For the Republican Party to compete in future elections that, unlike the recall, it can and needs to win, it is essential that it wins over White women. The data from the recall suggest that in California those women are not in favor of candidates like Larry Elder, the kind of Trumpian figure who will likely be on the ballot in a lot of states and districts in 2022. Huge landslides against the recall in places like Santa Cruz county, where 80% opposed the idea; Los Angeles County, which went 71% against the recall, and Newsom's hometown of San Francisco, which cast 87% of its votes against the recall, were expected. But the failure of the GOP to make progress in places like San Bernardino, Riverside and Orange counties, which were once solidly Republican but went for Biden in 2020 and against the recall in similar numbers this time, indicate the GOP is still not reaching the voters it needs.
The GOP losing votes may not matter statewide in blue California, but if White women, whether they live in moderate and conservative suburbs in California -- yes those places exist -- or elsewhere in the country, continue to abandon the GOP, suburban districts around the state and country will trend more Democratic and leave the GOP scrambling to figure out how to advance its political agenda and how to win back voters.
Newsom's resounding victory also occurred at a time when the Democratic Party has been on the ropes on the national stage. The withdrawal from Afghanistan had dominated the news and has hurt President Biden politically, while the rise of the Delta variant had made the back-to-school period difficult and stressful for many families, including in California. This was a moment when a Democrat in a state like California should have been vulnerable, if not to defeat, then at least to a relatively close election. Instead, the Republicans, and the de facto GOP standard-bearer in the person of Elder, were humiliated.

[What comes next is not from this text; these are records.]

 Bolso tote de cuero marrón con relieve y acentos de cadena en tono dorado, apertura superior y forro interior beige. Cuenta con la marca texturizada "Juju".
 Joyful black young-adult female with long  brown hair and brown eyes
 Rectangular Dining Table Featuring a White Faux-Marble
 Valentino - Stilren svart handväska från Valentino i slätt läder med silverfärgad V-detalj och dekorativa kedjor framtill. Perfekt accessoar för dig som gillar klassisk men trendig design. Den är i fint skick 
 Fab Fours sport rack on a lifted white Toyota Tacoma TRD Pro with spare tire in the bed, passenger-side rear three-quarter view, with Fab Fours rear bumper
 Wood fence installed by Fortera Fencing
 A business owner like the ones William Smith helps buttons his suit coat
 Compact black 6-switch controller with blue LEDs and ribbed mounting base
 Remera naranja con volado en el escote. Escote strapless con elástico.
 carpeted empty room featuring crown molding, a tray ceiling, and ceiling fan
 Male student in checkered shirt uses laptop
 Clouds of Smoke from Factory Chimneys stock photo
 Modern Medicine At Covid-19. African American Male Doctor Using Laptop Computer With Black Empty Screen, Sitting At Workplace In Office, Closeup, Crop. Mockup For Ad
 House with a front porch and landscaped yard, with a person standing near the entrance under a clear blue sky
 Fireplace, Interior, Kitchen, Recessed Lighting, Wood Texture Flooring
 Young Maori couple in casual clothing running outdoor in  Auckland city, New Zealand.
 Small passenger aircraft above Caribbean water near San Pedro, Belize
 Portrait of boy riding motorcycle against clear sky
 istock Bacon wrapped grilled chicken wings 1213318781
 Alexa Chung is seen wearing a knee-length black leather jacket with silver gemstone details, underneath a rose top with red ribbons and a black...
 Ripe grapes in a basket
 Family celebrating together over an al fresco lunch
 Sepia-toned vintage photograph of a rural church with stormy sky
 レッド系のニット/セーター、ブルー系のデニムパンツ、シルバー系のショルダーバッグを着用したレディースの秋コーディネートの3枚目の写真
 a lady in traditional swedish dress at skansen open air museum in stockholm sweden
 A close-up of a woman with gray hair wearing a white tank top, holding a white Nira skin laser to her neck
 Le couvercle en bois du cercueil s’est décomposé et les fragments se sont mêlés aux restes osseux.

That victory means Newsom will stay in office, very likely cruise to reelection in 2022, possibly against Elder, but it also will put some wind in the sails of a Democratic President who badly needs it right now. The recall was a referendum on Newsom, but indirectly on Biden and the Democrats as well. The numbers show that it wasn't close and that Californians, including the White women whose support is so crucial to the GOP's future in the state, were not buying whatever the GOP and Elder were selling.